TASK REQUIREMENTS: Reproduce the data below in full and to the letter, images excepted.

DATA SECTION:

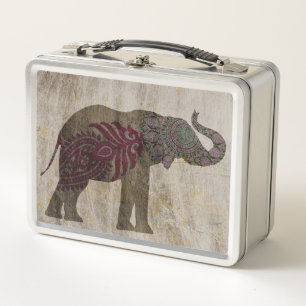 Zen Tribal Elephant Metal Lunch Box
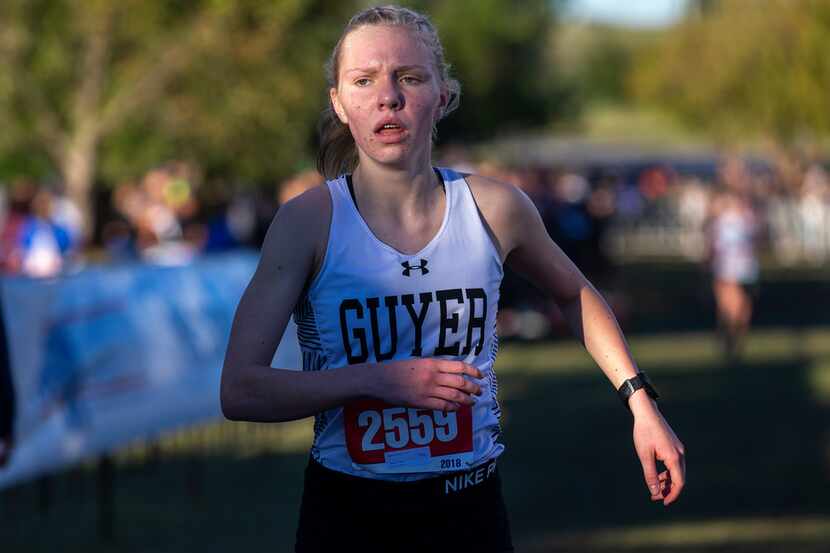 Denton Guyer's Brynn Brown finishes second in the girls Class 6A race at the UIL cross...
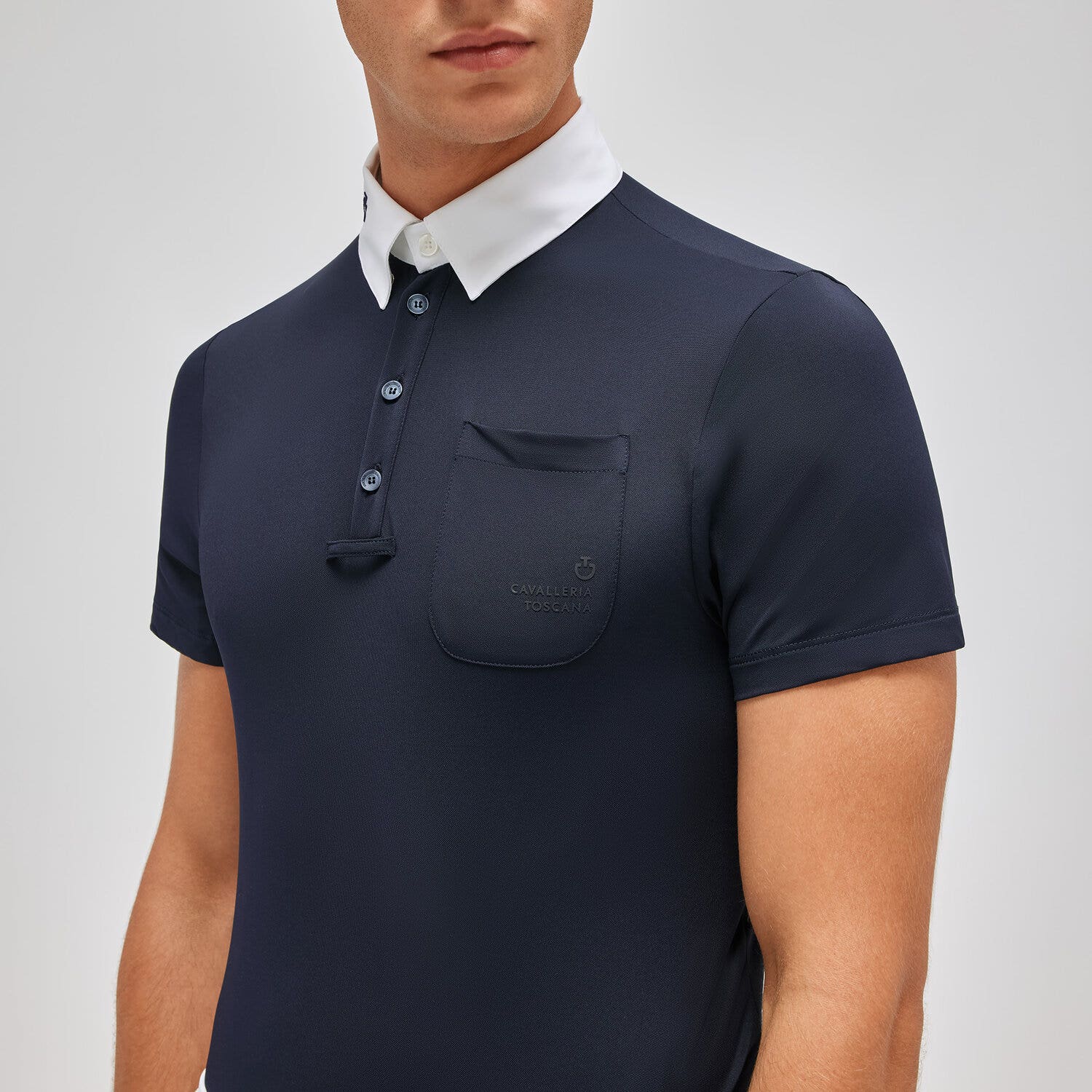 Cavalleria Toscana Men's competition polo shirt NAVY-3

ANSWER BOX:
 Zen Tribal Elephant Metal Lunch Box
 Denton Guyer's Brynn Brown finishes second in the girls Class 6A race at the UIL cross...
 Cavalleria Toscana Men's competition polo shirt NAVY-3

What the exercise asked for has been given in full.